Furthermore, governments should refrain from interfering with geopolitical enemies ‘ elections— not because this is a political act, but because it involves anti-intimateand security activities (voters). This is unlikely in the current geopolitical atmosphere.

No enforcement method 

Clearly there will still be more gain, even if the government does not comply with its three principles, if businesses and individuals comply with the other six principles. But even here, we must wonder whether this is probable. There is no immediately apparent method of enforcing the contract as a potential weakness. This means that organizations can subscribe to the ideals publicly and ignore them impunity in privacy. The contract promotes a misconception of security without the ability to call such companies into account–users will believe that a service protects their privacy, while it is not in reality.

The obvious examples are Google and Facebook. While many foreign law, particularly GDPR, already requires them to comply with many of the principles of the Treaty, they are repeatedly called upon to commit transgressions by both security researchers and government agencies.

Last week, Amnesty International described Facebook and Google as “the predictive models of human rights abuse.” Amnesty Internationally described these business models as “inherently inconsistent with the right to privacy.” The Contract states in Principle 5 that businesses “Respect and protect the privacy of individuals and personal data for the purpose of building digital trust.”

In July 2019, the famous FTC fined Facebook $5 billion for disappointing privacy disclosures following a survey triggered by the Cambridge Analytica scandal.


It became clear earlier in November 2019 that Google provided 50 million U.S. reports of healthcare from Ascension. Google argued that all was legal, but without the consent of its owners, the health records were transferred. Paragraph 1 of Principle 5 states that “People’s privacy will be supported by giving people a control over their privacy and data rights, with clear, meaningful controls on their data and privacy processes.” “The’ internet contract’ from Berners-Lee is a praiseworthy achievement, but compliance always will be a problem,” Thomas Hatch, SaltStack CTO and Co-Founder told SecurityWeek. Hatch subscribes to the common but alternative view that because technology is the fundamental cause of problems, technology must also find solution. “Moral contracts are notoriously hard to implement, and therefore this could sound like an’ pie in the sky ‘ idea.”
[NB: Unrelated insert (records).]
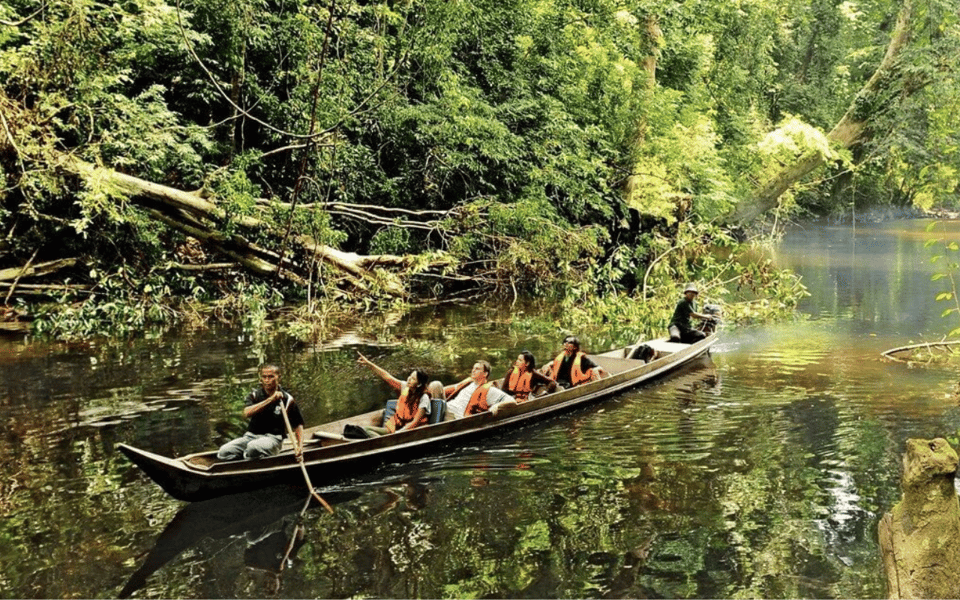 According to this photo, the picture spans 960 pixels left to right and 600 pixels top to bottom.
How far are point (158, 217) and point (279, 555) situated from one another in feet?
41.7

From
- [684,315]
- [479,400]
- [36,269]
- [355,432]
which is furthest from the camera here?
[36,269]

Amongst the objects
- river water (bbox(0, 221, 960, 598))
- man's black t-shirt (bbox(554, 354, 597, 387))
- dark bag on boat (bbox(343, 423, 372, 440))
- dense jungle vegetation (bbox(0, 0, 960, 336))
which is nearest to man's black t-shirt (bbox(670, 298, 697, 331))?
river water (bbox(0, 221, 960, 598))

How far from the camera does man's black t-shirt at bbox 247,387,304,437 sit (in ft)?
29.3

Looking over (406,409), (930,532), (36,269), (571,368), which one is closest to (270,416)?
(406,409)

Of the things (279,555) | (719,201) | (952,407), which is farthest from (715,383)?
(719,201)

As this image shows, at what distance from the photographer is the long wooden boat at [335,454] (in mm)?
8172

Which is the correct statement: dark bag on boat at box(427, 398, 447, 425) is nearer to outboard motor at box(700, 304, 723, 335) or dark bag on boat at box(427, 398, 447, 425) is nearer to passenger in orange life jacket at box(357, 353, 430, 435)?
passenger in orange life jacket at box(357, 353, 430, 435)

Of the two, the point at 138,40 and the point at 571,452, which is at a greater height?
the point at 138,40

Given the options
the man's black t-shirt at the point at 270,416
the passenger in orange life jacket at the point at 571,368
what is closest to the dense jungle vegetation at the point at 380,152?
the passenger in orange life jacket at the point at 571,368

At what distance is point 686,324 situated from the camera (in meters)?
16.4

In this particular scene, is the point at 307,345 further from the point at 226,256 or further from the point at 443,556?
the point at 443,556

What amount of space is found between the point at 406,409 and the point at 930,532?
6.47 metres

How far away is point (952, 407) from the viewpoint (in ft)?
39.7

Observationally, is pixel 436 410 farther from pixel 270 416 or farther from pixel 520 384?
pixel 270 416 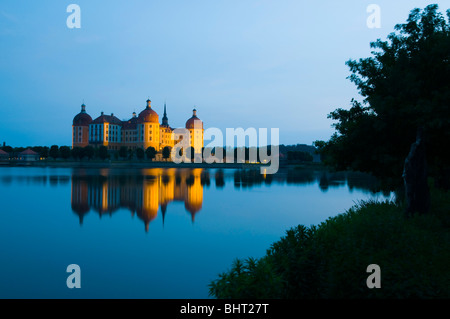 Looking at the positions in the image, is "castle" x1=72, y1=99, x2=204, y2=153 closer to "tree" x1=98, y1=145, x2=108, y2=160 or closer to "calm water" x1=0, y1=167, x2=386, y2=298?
"tree" x1=98, y1=145, x2=108, y2=160

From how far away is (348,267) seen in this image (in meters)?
6.94

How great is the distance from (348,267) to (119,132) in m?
A: 143

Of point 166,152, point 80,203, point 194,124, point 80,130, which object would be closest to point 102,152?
point 166,152

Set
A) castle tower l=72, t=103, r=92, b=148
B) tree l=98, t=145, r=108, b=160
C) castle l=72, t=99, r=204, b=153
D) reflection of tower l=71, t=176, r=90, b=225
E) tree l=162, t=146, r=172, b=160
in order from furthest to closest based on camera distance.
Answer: castle tower l=72, t=103, r=92, b=148 → castle l=72, t=99, r=204, b=153 → tree l=162, t=146, r=172, b=160 → tree l=98, t=145, r=108, b=160 → reflection of tower l=71, t=176, r=90, b=225

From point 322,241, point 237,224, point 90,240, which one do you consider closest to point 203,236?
point 237,224

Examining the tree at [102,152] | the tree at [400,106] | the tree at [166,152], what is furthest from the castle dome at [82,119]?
the tree at [400,106]

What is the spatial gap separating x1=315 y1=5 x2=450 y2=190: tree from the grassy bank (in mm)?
3678

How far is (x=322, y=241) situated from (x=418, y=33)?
346 inches

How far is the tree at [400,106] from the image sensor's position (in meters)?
10.6

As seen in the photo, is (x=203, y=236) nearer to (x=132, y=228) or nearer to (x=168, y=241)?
(x=168, y=241)

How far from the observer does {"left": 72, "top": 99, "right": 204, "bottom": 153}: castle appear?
13562 centimetres

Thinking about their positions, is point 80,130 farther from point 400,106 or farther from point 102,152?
point 400,106

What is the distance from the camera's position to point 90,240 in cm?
1573

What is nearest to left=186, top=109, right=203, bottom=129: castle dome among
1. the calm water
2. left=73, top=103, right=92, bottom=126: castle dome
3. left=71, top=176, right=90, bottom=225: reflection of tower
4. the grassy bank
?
left=73, top=103, right=92, bottom=126: castle dome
“A real remedy for the Internet,” he added, “is more likely to come by technical means— a mix of instruments and technical restrictions that deter wrongful actors. Reliance on human compliance and on the goodwill will work at first but will eventually become exhausted over time. Without adequate web enforcement, companies can publicly support and ignore it privately-and the user will be the loser. It would be great if over time it had been proven wrong.

SecurityWeek asked the Web Contract to respond to these concerns but did not receive a response. If you obtain one, it is attached to this post.